Evacuatie dient ook door deuren aan voor en achterzijde te kunnen geschieden, zoals bij
de metro van bijvoorbeeld Londen. Dit is vooral van belang in nauwe tunnels, waar we in

de toekomst mogelijk mee te maken zullen krijgen.
GVB: probleem, wil ongedeelde
cabine. Rikus: kan ook met ongedeelde cabine, veiligheid gaat voor neiging naar ruimte
van gvb-personeel, en in Londen gaat het samen met een ongedeelde cabine.
We zijn tevreden over de technische vormgeving van het omroepsysteem en de
lichtkranten in de Combino. Mogelijkheden van ringleiding nagaan.
Er dient een intercom te zijn, waardoor reizigers bij calamiteiten met de metrobestuurder
kunnen praten.
De klimaatbeheersing moet van een goede kwaliteit zijn, vergelijkbaar met de huidige
‘dikke’ metro’s.
GVB: klap- of schuifraampjes? Echte airco? Rikus: Geen beweegbare
raampjes omdat dan de grootste aso het bepaalt. Airco niet, geeft in tunnels alleen maar
meer warmte; wel goede geforceerde ventilatie met enige koeling, wel behoorlijke
verwarming.
De stoelen zien wij het liefst in coachopstelling geplaatst.

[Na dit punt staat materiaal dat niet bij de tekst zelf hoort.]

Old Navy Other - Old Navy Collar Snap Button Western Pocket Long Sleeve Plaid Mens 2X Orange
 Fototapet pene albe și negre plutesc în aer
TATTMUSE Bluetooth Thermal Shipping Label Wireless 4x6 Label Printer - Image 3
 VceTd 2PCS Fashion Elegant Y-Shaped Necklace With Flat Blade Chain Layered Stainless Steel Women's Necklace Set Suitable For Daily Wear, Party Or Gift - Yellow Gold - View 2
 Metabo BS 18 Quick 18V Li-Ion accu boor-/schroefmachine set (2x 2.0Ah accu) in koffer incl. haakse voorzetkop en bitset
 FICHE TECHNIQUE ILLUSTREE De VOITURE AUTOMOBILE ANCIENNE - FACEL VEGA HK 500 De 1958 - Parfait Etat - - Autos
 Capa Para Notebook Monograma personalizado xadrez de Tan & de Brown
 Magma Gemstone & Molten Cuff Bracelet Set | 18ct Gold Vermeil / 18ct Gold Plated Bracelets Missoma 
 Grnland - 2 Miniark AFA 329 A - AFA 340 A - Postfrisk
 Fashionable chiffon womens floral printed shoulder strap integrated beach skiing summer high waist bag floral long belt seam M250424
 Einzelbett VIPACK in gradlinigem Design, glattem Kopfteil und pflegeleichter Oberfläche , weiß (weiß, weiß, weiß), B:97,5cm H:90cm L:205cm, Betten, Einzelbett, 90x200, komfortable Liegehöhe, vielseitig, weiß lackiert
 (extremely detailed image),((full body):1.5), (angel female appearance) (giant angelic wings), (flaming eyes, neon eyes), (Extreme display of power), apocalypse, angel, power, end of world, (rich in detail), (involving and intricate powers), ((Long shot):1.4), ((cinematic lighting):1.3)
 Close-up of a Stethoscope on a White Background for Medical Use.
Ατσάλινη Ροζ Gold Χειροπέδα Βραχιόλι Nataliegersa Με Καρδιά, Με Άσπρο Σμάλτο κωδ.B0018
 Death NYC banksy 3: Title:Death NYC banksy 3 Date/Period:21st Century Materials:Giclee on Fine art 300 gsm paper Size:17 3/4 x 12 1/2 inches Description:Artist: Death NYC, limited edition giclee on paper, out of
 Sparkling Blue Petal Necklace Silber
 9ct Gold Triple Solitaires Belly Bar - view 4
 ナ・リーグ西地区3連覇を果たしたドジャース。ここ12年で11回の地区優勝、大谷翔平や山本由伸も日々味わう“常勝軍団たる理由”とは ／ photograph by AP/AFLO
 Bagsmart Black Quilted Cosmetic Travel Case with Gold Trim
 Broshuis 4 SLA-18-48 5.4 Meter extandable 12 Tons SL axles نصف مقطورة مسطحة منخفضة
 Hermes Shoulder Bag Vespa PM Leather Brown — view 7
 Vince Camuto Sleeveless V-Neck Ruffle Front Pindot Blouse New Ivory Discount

GVB: wil langsbanken. Rikus:
tegen, want minder comfortabel, reizigers worden op tenen getrapt, staande reizigers
vallen over uitgestoken benen.
Ter verbetering van de sociale veiligheid willen we, dat de metro’s over de hele lengte
doorkijkbaar en doorloopbaar zijn, zoals bij de nieuwste metro’s in Berlijn en op de
Parijse metrolijn 14.
GVB: gaat gebeuren. Er komen viertjes en tweetjes. Rikus: tweetjes
maar aan een kant cabine, zie Rotterdam. Zoveel mogelijk passagiersruimte.
Ook in de toekomst moet worden afgezien van automatische (na een aantal seconden)
deursluiting. Het sluiten van de deuren is een taak van de bestuurder en dat moet ook zo
blijven.
Rikus: maar op winterse dagen op eindpunten bovengronds wel selective door-
closing facility.
Het sluiten van de deuren dient niet alleen te worden aangekondigd door een hoorbaar
signaal, maar ook visueel (knipperlicht o.i.d.).
Optrekken en afremmen van de treinen dient vloeiend en zonder schokken te gebeuren,
zodat mensen prettig worden vervoerd, en ook niet ten val komen.
Door uitgekiend kleurgebruik dienen handgrepen, deuren en knoppen goed zichtbaar te
zijn.
Niet alleen aan de voor- en achterzijde, maar ook op de zijkanten dienen van buitenaf
lijnnummer en bestemming zichtbaar te zijn.
Met behulp van proeven in een mock-up dienen bovenstaande zaken te worden getoetst.
GVB: computersimulatie? Rikus: Nee, echte mock-up, ook leuk voor promotie.